A newly launched exhibition in Rotterdam showcases how Steve Bannon’s artistic work in film and culture “first foreshadowed, then shaped, the core narratives of Trumpism.”
Stephen K. Bannon, the former executive chairman of Breitbart News who led Donald Trump’s election campaign to victory before becoming the president’s chief strategist, has caught the attention of the art world as “one of this young century’s more significant propaganda artists.”
Designed by Jonas Staal and curated by Marina Otero Verzier, the exhibit, titled “Steve Bannon: a Propaganda Retrospective,” opened in Rotterdam on Friday at the Het Nieuwe Instituut and will run through next September 23.
“I don’t want to give him too much credit, because the idea that he’s a successful propagandist is, of course, all part of his propaganda,” said Jonas Staal, a Dutch artist and propaganda researcher who headed up the project.
“But it’s true that he has succeeded, like few others over the past 15 years, in turning an artistic representation of his ideas into political reality,” he said.
Bannon’s art, Staal contends, not only portrays reality; it alters and shapes it.
“He’s developed this artistic horizon, but it’s not a ‘what if’, it’s a script,” Staal said.
“And what Bannon’s work shows is that the script for Trumpism was written long before Trump came along. Our reality has been co-authored by Steve Bannon. His core ideas have become the contemporary paradigms we are living with today,” he said.
The Dutch show draws a direct line from Bannon’s early free-market activism through Breitbart to his role in the Trump presidency by offering extended clips from his nine documentaries, flanked by books, artefacts and information panels that add background and context.
Bannon’s nine films include Generation Zero (underscoring the “real” causes of the 2008 financial crisis), District of Corruption (tracing Washington corruption from the Clinton years through the Obama presidency), The Undefeated (on the redoubtable Sarah Palin), In the Face of Evil (Reagan’s struggle against communism), Battle for America (the rise of the Tea Party), and 2016’s The Torchbearer (starring Duck Dynasty’s Phil Robertson in a throw-down to post-Christian America).
As summed up by the Guardian, the show traces the development of Bannon’s “core ideology,” from “his near hero-worship of Ronald Reagan,” through the 9/11 attacks, to his engagement with the Tea Party, support for Sarah Palin, and disdain for the Occupy movement.

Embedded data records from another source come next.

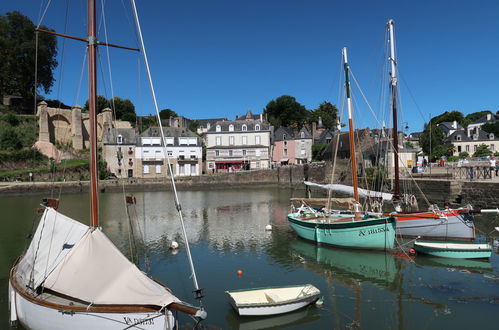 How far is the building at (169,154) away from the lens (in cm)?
5938

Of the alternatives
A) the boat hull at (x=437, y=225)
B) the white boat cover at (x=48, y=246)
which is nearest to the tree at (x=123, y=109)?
the boat hull at (x=437, y=225)

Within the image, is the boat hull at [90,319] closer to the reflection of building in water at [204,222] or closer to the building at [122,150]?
the reflection of building in water at [204,222]

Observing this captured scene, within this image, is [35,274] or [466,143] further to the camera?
[466,143]

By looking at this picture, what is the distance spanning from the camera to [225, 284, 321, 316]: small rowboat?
978cm

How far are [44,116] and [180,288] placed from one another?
59.5 metres

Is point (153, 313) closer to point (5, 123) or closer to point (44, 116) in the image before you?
point (44, 116)

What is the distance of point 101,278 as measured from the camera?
754 centimetres

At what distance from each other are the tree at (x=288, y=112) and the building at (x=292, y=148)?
19.6 meters

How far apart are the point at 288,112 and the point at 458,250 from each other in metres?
76.8

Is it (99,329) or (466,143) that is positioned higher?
(466,143)

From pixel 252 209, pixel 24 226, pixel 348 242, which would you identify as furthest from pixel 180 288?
pixel 252 209

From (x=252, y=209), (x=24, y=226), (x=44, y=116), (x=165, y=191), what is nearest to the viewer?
(x=24, y=226)

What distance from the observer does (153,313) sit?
6.62m

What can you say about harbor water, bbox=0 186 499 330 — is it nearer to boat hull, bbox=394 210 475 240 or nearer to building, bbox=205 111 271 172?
boat hull, bbox=394 210 475 240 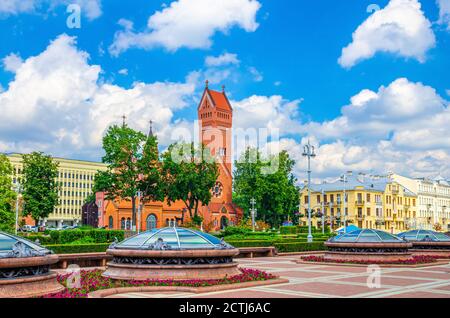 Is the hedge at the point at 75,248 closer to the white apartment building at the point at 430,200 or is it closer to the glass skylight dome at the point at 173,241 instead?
the glass skylight dome at the point at 173,241

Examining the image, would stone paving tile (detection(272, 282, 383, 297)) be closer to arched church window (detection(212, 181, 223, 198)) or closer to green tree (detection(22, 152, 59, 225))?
green tree (detection(22, 152, 59, 225))

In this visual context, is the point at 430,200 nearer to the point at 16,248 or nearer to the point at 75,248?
the point at 75,248

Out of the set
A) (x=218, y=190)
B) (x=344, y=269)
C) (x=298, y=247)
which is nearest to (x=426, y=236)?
(x=298, y=247)

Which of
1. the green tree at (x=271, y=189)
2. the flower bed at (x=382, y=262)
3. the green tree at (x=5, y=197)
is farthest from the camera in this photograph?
the green tree at (x=271, y=189)

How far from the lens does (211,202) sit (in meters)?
78.3

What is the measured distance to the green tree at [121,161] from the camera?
180 ft

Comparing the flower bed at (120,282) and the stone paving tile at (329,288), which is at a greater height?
the flower bed at (120,282)

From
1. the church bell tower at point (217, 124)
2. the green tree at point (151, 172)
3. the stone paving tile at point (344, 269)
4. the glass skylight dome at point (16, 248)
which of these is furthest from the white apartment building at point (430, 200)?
the glass skylight dome at point (16, 248)

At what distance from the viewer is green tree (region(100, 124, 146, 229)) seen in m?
54.8

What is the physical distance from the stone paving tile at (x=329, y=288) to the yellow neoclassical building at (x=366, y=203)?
215ft

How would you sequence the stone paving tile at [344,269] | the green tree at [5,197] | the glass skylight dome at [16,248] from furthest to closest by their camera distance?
the green tree at [5,197] < the stone paving tile at [344,269] < the glass skylight dome at [16,248]

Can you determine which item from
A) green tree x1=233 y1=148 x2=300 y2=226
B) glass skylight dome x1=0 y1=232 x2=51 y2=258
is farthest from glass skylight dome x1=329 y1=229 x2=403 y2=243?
green tree x1=233 y1=148 x2=300 y2=226

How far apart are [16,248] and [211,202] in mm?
66487
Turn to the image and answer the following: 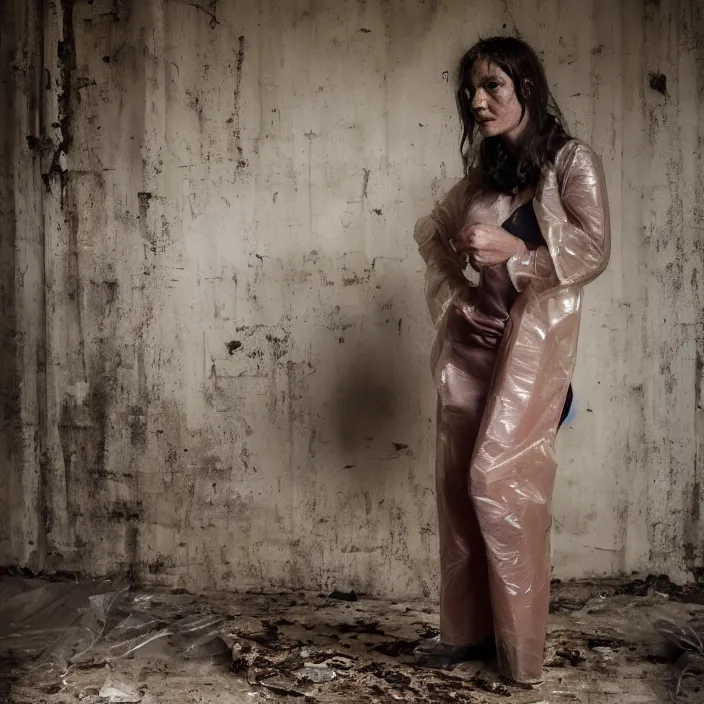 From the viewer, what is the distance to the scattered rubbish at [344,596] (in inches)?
104

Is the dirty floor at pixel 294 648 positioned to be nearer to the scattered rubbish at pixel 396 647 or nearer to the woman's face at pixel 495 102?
the scattered rubbish at pixel 396 647

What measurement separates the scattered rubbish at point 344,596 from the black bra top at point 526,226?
131cm

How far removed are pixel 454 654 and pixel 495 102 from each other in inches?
53.4

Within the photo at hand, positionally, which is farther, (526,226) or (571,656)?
(571,656)

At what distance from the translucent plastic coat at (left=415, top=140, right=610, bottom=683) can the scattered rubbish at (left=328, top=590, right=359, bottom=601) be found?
1.87ft

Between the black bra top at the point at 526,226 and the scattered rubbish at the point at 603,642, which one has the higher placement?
the black bra top at the point at 526,226

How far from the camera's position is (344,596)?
2.65 metres

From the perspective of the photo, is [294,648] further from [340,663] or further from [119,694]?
[119,694]

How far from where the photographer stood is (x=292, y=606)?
2590 millimetres

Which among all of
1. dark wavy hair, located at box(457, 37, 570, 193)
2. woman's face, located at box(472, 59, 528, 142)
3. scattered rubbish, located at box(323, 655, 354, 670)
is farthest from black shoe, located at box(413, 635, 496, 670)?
woman's face, located at box(472, 59, 528, 142)

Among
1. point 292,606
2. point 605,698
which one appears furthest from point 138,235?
point 605,698

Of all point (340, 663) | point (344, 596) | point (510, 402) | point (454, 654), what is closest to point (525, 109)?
point (510, 402)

Bannon’s films, the Guardian argues, “reveal an apocalyptic world view,” with Western society, Christianity and freedom all under attack, especially from establishment insiders: corrupt government, big banks, and a cosmopolitan elite.
“Illegal immigration, crony capitalism and progressive liberalism are threatening the country; only economic nationalism, hardcore conservatism and a crushing victory in the coming clash of civilisations will save it,” the report states.
“There’s always, too, a search for leadership,” said Staal.
“Trump may be a rather imperfect version of the warrior he would ideally have liked, but the ideology is there, the battle between good and evil, the clash of civilisations,” he said. “Bannon believes that like the communists and Nazis before them, Islamic terrorism and the global elite must be defeated.”
Staal gives Bannon credit for effecting real change—political and cultural—not just inside America but abroad as well.
“These films were not made for the kind of audience that critiques them,” he said. “Of course, it’s easier to examine the core narratives than to measure their impact. But Trump’s successful campaign and, beyond the US, Leave’s victory in the UK’s Brexit referendum, the rise of the ultranationalists in the Netherlands, France, Italy – there’s clearly a link between the success of these campaigns and the platforms that carried their core messages.”
“What’s essential to realise about propaganda,” said Staal “is that it is not, actually, about sending a message. It’s about shaping our environment, engineering our reality.”
While Staal clearly admires Bannon for his prowess as a propagandist, he does not share his worldview. Rather than spreading Bannon’s message, the exhibition aims to “open up spaces and opportunities for critique – and resistance,” he said.
To counter Bannon’s vision, a different narrative must be advanced, Staal says.
“We need to define an ‘us’ that is a much more pluralistic reality. This has to be the task of progressive art and politics today: to tell a more inclusive story of who we are, and who we can still become. Because facts alone – as the Brexit vote showed very clearly – will convince no one.”
“We need a fact-based, alternative narrative,” he said.
Meanwhile, Steve Bannon shows no signs of slowing down his own work of promoting populist nationalism at home and abroad, as recent appearances in Italy, Switzerland, and France attest.
As Bannon told the New York Times in an interview last month: “All I am trying to be is the infrastructure, globally, for the global populist movement.”